On Mon, Oct 23, 2023 at 05:07:02PM -0700, Nhat Pham wrote:
> Since:
> 
> "42c06a0e8ebe mm: kill frontswap"
> 
> we no longer have a counter to tracks the number of zswap store
> failures. This makes it hard to investigate and monitor for zswap
> issues.
> 
> This patch adds a global and a per-cgroup zswap store failure counter,
> as well as a dedicated debugfs counter for compression algorithm failure
> (which can happen for e.g when random data are passed to zswap).
> 
> Signed-off-by: Nhat Pham <nphamcs@gmail.com>

I agree this is an issue.

> ---
>  include/linux/vm_event_item.h |  1 +
>  mm/memcontrol.c               |  1 +
>  mm/vmstat.c                   |  1 +
>  mm/zswap.c                    | 18 ++++++++++++++----
>  4 files changed, 17 insertions(+), 4 deletions(-)
> 
> diff --git a/include/linux/vm_event_item.h b/include/linux/vm_event_item.h
> index 8abfa1240040..7b2b117b193d 100644
> --- a/include/linux/vm_event_item.h
> +++ b/include/linux/vm_event_item.h
> @@ -145,6 +145,7 @@ enum vm_event_item { PGPGIN, PGPGOUT, PSWPIN, PSWPOUT,
>  #ifdef CONFIG_ZSWAP
>  		ZSWPIN,
>  		ZSWPOUT,
> +		ZSWPOUT_FAIL,

Would the writeback stat be sufficient to determine this?
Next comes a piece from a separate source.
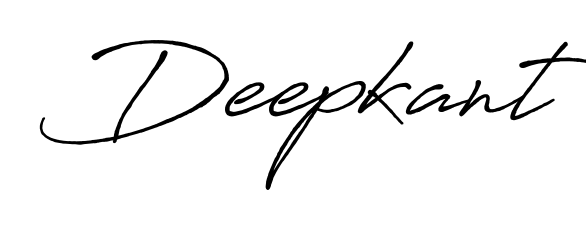 Build your personal autograph collection for name Deepkant with Antro_Vectra_Bolder design. Browse, select, and save your favorites. Deepkant signature style 7 images and pictures png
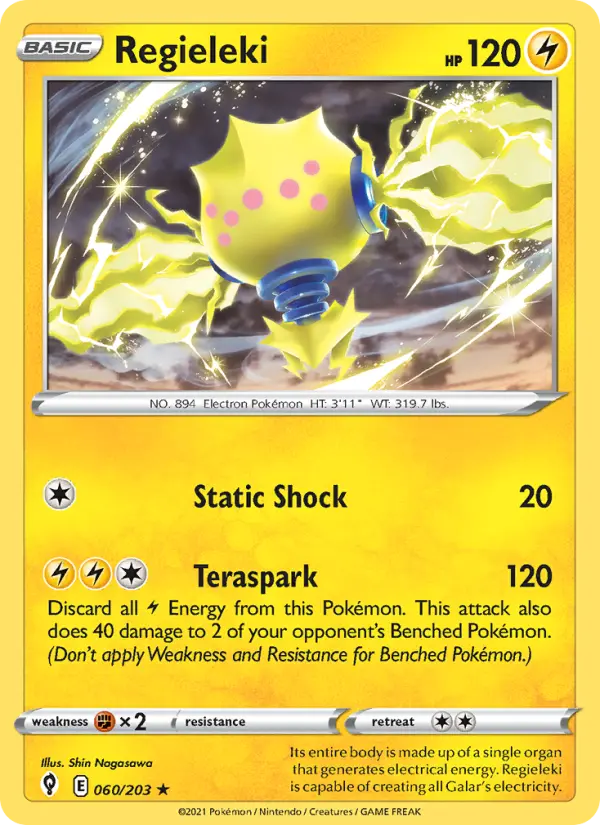 Regieleki #60 — Evolving Skies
Hear me out. We already have pswpout that shows when we're hitting
disk swap. Right now we can't tell if this is because of a rejection
or because of writeback. With a writeback counter we could.

And I think we want the writeback counter anyway going forward in
order to monitor and understand the dynamic shrinker's performance.

Either way we go, one of the metrics needs to be derived from the
other(s). But I think subtle and not so subtle shrinker issues are
more concerning than outright configuration problems where zswap
doesn't work at all. The latter is easier to catch before or during
early deployment with simple functionality tests.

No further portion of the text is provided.